Du haut de ses 66 ans, le crâne rasé, les sourcils broussailleux, portant beau le jean/T-shirt et les baskets de rigueur, Brice Fauché a l’oeil qui pétille comme un enfant lorsqu’on lui rappelle Sollertis, du nom latin Solus Ars (entièrement fait de la main de l’homme). Professeur de Philosophie à Toulouse au lycée Pierre de Fermat, il a baigné dans la peinture et les arts visuels dès son plus jeune âge : un père artiste peintre dans les années 1950 (Jacques Fauché), devenu professeur aux Beaux-arts de Toulouse et une mère professeur à l’Ecole d’architecture. Forcément, cela aide à se forger un esprit critique et un certain regard.

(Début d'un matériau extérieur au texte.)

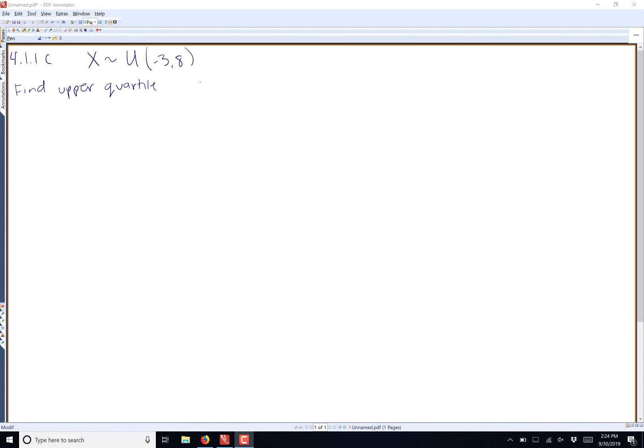Anytime you want to find the upper quartile, that means you're going to take the CDF, capital F of x, and set it equal to 0.75. Your median is 0.5, but your quartile is divided into 25%, or quarters, hence quartile.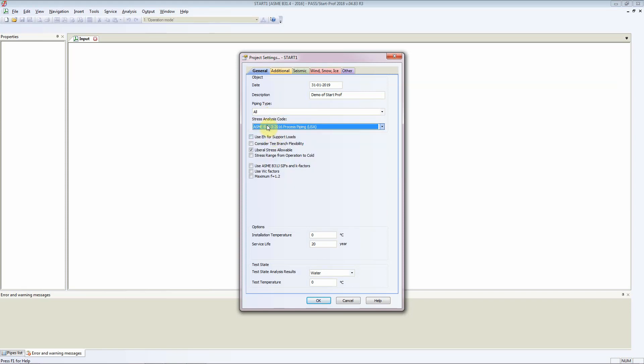When you click on the stress analysis code, it gives you several different options. There are options for using WC factor, using maximum F as 1.2 instead of 1, and several others. You can select factors and options as you please or as is required by the project.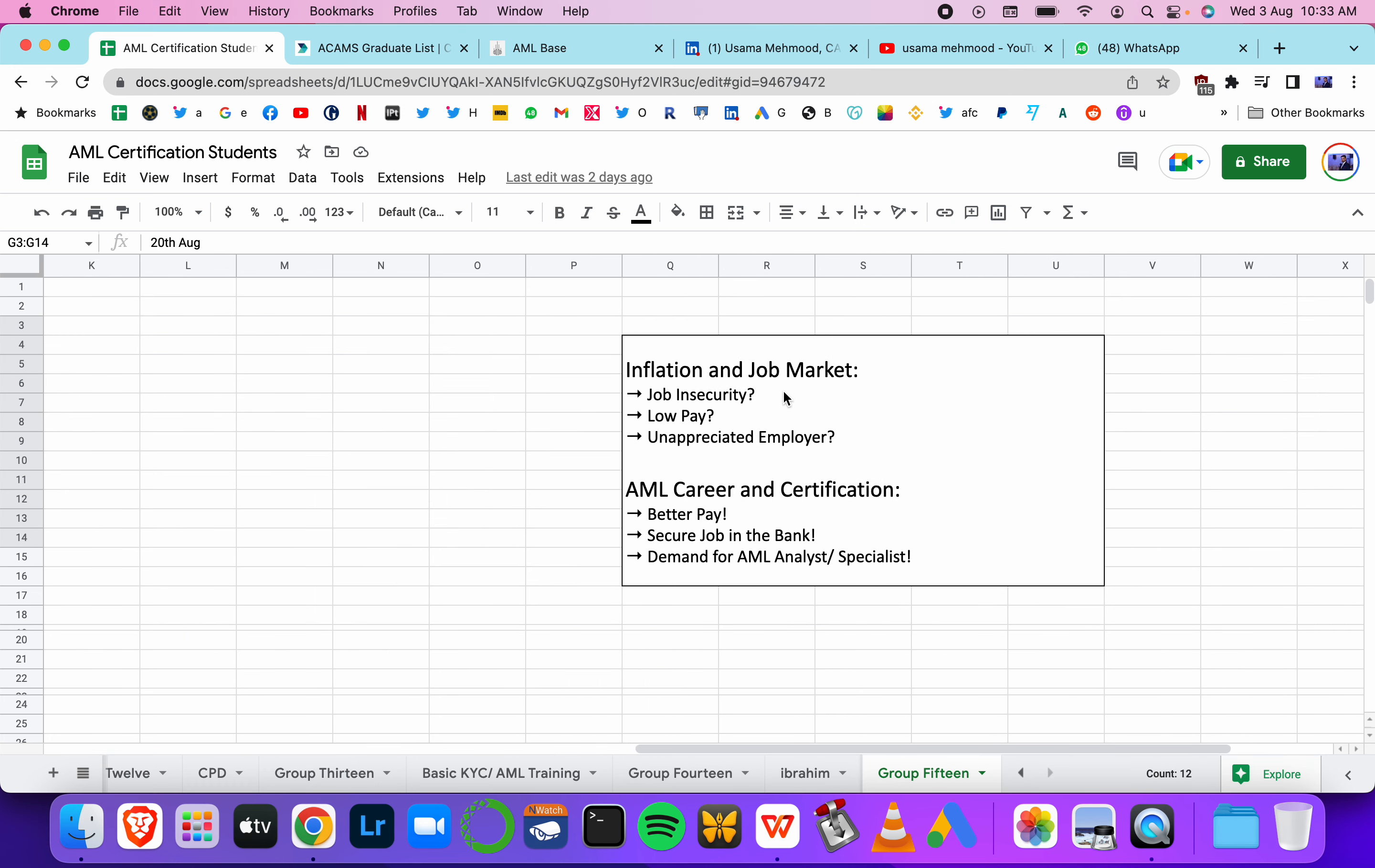If you have job insecurity or feel your pay is low because of inflation, or your employer doesn't appreciate you the way you want, you should join the AML industry because there is demand for jobs. This international certification can help you land your first job in AML.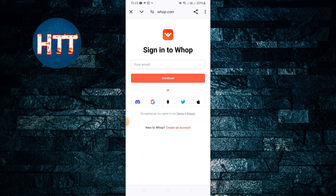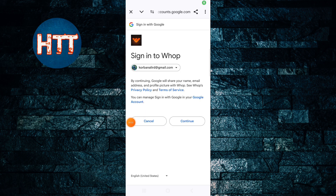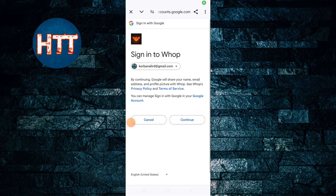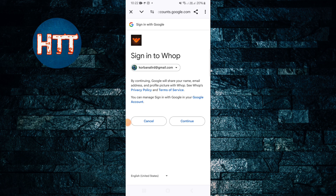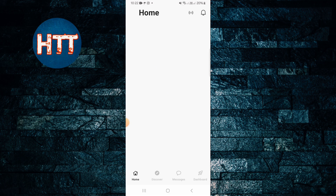You can also use Apple. I'm going to create this account with Google, so simply tap here. Then you have to select your email and simply tap on the continue button. That's it — it's really simple.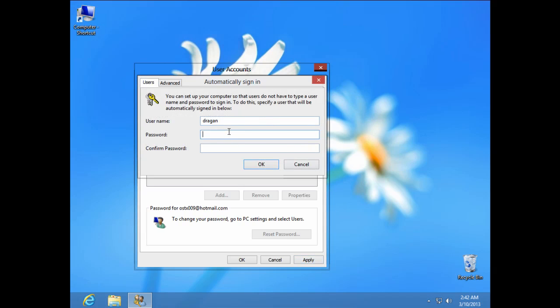And then you need to enter your password — I'm going to enter my password right now. You need to confirm your password again and click OK.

Jeune journaliste à Toulouse pour la revue Flash où il tenait une page sur les galeries, il côtoie le marchand Jacques Girard, assiste à tous les vernissages des galeries toulousaines de l’époque telles que Chappe Lautier où exposait son père, et se lie d’amitié à 18 ans à peine avec Madame Laurence Izern qui lui laisse manipuler les oeuvres de Soulages qu’elle reçoit chez elle, à la galerie Protée. Mais dès les années 1970, c’est à Paris que l’on peut parfaire son éducation artistique et entrer en contact avec les plus grands. En parallèle de la philosophie où Brice Fauché découvre les oeuvres de Lyotard et Deleuze, il creuse son sillon artistique et visuel avec Bacon, Pollock ou Cy Twombly et se revendique plus de l’Expressionisme abstrait que de Support/Surfaces.
Son premier achat sera une ardoise gravée de Raoul Ubac chez Chappe Lautier, car « Protée était évidemment bien trop cher pour moi », dit-il.

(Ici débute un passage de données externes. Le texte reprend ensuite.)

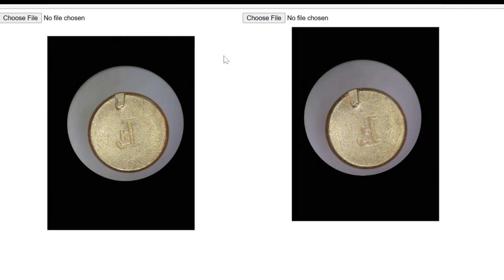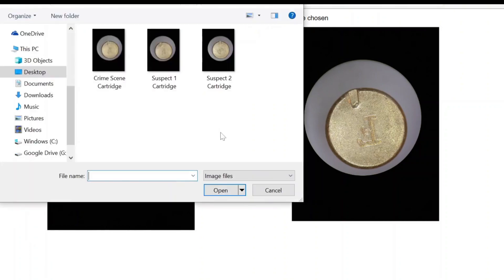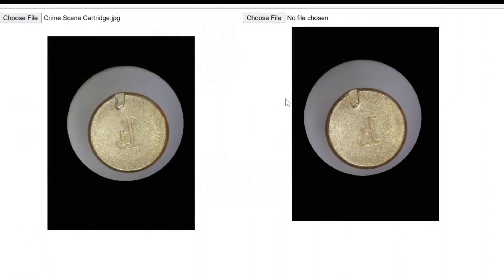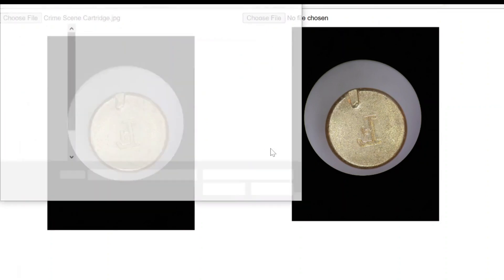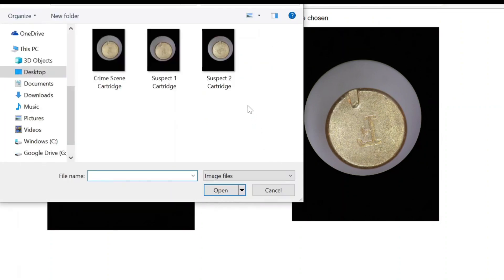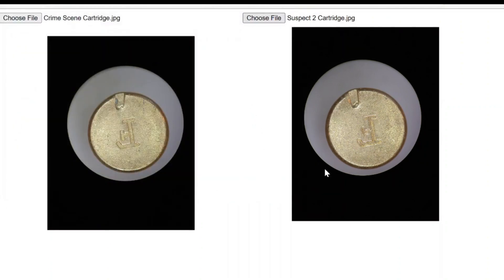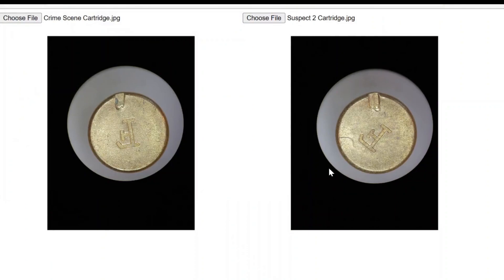So let's check it out. Let me jump to this locally run virtual comparison microscope. You can see there's images already loaded, but I could choose file and say, what are you looking for? I'm looking for the crime scene cartridge. And I'm going to look for on the second side, let's do the suspect two cartridge. And there it is.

Brice Fauché voyage, va souvent à Paris. La décentralisation est au goût du jour, les FRAC commencent à exporter des artistes régionaux dès 1982. Le pli prend un peu partout en France mais à Toulouse, pas grand-chose n’en sort : « Au début de la décentralisation en 1982, chaque région a voulu exposer ses artistes, ça n’a pas fonctionné à Toulouse, contrairement à Bordeaux ou Nantes, d’où viennent Fabrice Hybert et Philippe Cognée que j’ai ensuite exposés »

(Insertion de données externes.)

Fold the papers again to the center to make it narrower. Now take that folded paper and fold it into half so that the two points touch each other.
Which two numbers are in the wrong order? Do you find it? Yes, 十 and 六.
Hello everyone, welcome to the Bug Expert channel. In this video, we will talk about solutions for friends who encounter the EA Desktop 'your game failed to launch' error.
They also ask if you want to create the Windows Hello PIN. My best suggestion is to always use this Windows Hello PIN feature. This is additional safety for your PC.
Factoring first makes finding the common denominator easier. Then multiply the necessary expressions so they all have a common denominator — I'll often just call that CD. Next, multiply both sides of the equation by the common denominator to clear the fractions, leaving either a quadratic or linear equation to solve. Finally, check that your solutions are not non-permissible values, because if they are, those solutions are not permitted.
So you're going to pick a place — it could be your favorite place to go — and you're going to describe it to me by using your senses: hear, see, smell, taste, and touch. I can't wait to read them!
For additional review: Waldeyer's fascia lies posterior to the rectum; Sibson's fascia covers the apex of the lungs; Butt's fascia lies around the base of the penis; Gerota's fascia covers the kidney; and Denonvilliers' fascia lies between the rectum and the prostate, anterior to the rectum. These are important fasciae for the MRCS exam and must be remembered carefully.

François Morellet : le déclencheur artistique
Alors que Brice Fauché rentre de New York en 1987, un ami artiste lui propose de créer une galerie aux Carmes. Lui serait le galeriste et Dimitry Orlac, sa première exposition, sous l’impulsion d’Olivier Mosset, autre plasticien suisse renommé, qui faisait le lien entre la France et les Etats-Unis.
Avec 100 000 francs en poche (15000 euros), Brice Fauché se lance dans l’aventure sans vraiment connaître le métier qu’il apprendra sur le tas avec un entregent peu commun. Il fait confiance aux artistes avec lesquels il tisse un lien, et réciproquement : « lorsque vous avez la confiance d’un artiste avec une certaine exigence, puis d’un autre, les choses peuvent aller très vite, car on vous accorde aussi une crédibilité. ».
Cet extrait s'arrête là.